I'd say my work experience is okay. I have 3 years of non-related FT experience doing software engineering at a broadcast origination company, a 9 month internship with the SEC, and almost 7 months so far as a Compliance Analyst at a $6b mutual fund. Not grade-A work experience, but I've managed to secure interviews at places like GS and PIMCO. Even with my crappy ass ugpa.

 
valuationGURUForget about law school. Your GPA is far below what is necessary. Shoot for MBA. What do you do for a living? If you have good work experience (not sure of this considering your GPA), amazing GMAT (assuming you can attain it), great extracurriculurs, etc., you can still make it into a good MBA program.

Without top tier work experience and bad ugrad gpa, MSF will help for sure. I would really focus on getting good work experience though.

I'd say my work experience is okay. I have 3 years of non-related FT experience doing software engineering at a broadcast origination company, a 9 month internship with the SEC, and almost 7 months so far as a Compliance Analyst at a $6b mutual fund. Not grade-A work experience, but I've managed to secure interviews at places like GS and PIMCO. Even with my crappy ass ugpa.

 
Best Response

As GURU noted above. Work experience is great, however when applying to top MBA programs, you need to fit the profile they're looking for. If you get a MSF from a sub-par school, it's as useless as not getting one at all.
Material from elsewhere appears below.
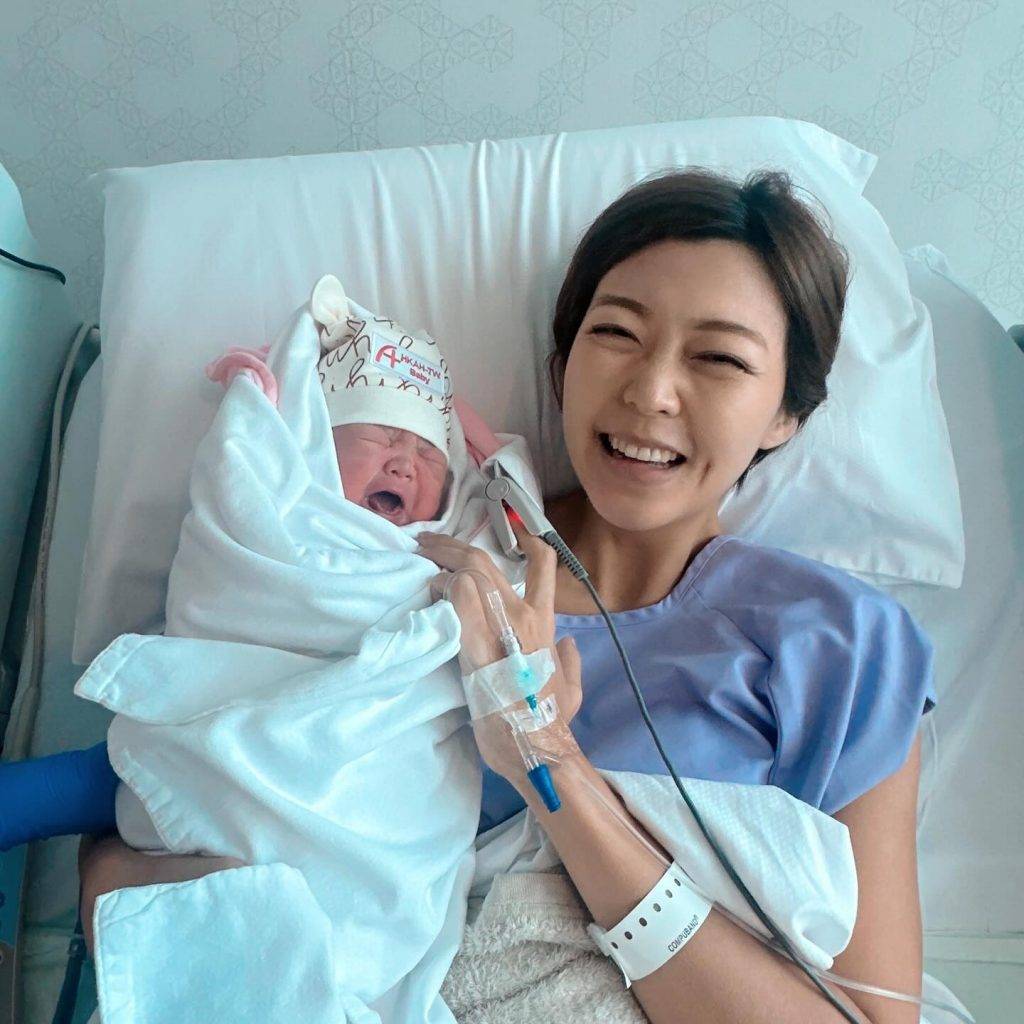 洪永城 梁諾妍 梁諾妍去年3月誕下細女Beryl。(圖片來源:ig@inez_leong)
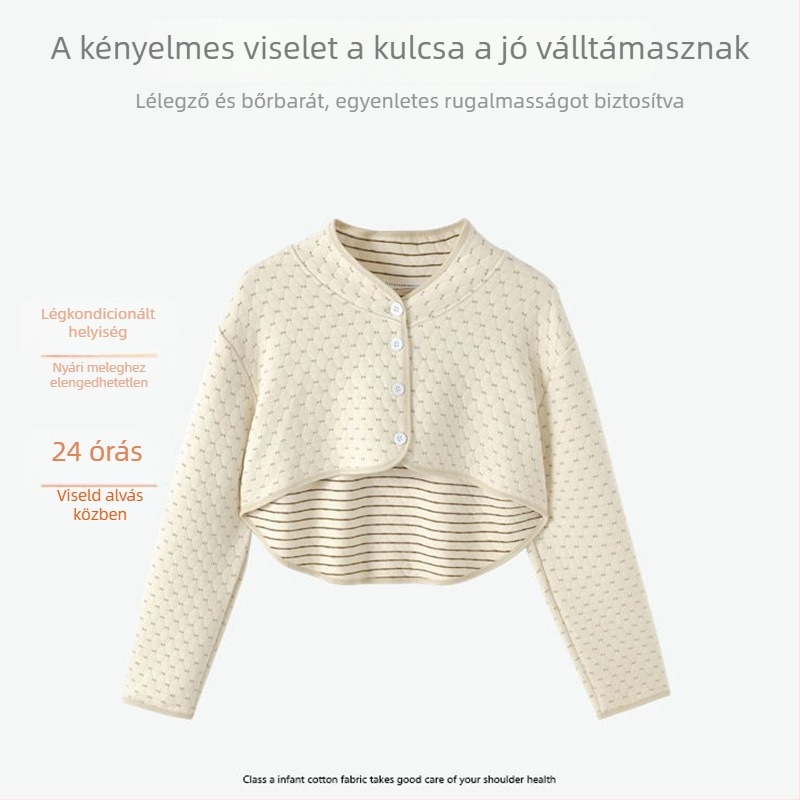Háromrétegű pamut vállmelegítő a nyakhoz és a vállakhoz, női alvás közbeni melegítés, könnyű nyári viselet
I think you should gauge how far you are from applying for your MBA. If it isn't far off, you should consider focusing on building an alternate transcript by taking grad courses as a visiting student at a well-ranked school (it sounds like you're in NYC, so NYU is a good bet). As a visiting student, you may not be subject to all the hoops that degree students have to jump through for admission.

Keep in mind that this strategy works for both MSF and MBA admissions, however since you're already working, I think it would be far more productive for you to focus on a MBA admit.

Search through the interview threads on WSO; one user had a 2.7 and made it into a top-10 program. I forget who it was, but it's one of the more prominent users here, and if anyone remembers this thread, please point it out.

And check out the ass-kicking valuationGURU and other WSO users handed me on the topic of MSF programs here:

http://www.wallstreetoasis.com/forums/all-or-nothing-ibd

in it 2 win it
 

Would having a CFA, or at least candidacy for L3 have any beneficial impact? Just out of curiosity if anyone knows.

I was taught that the human brain was the crowning glory of evolution so far, but I think it's a very poor scheme for survival.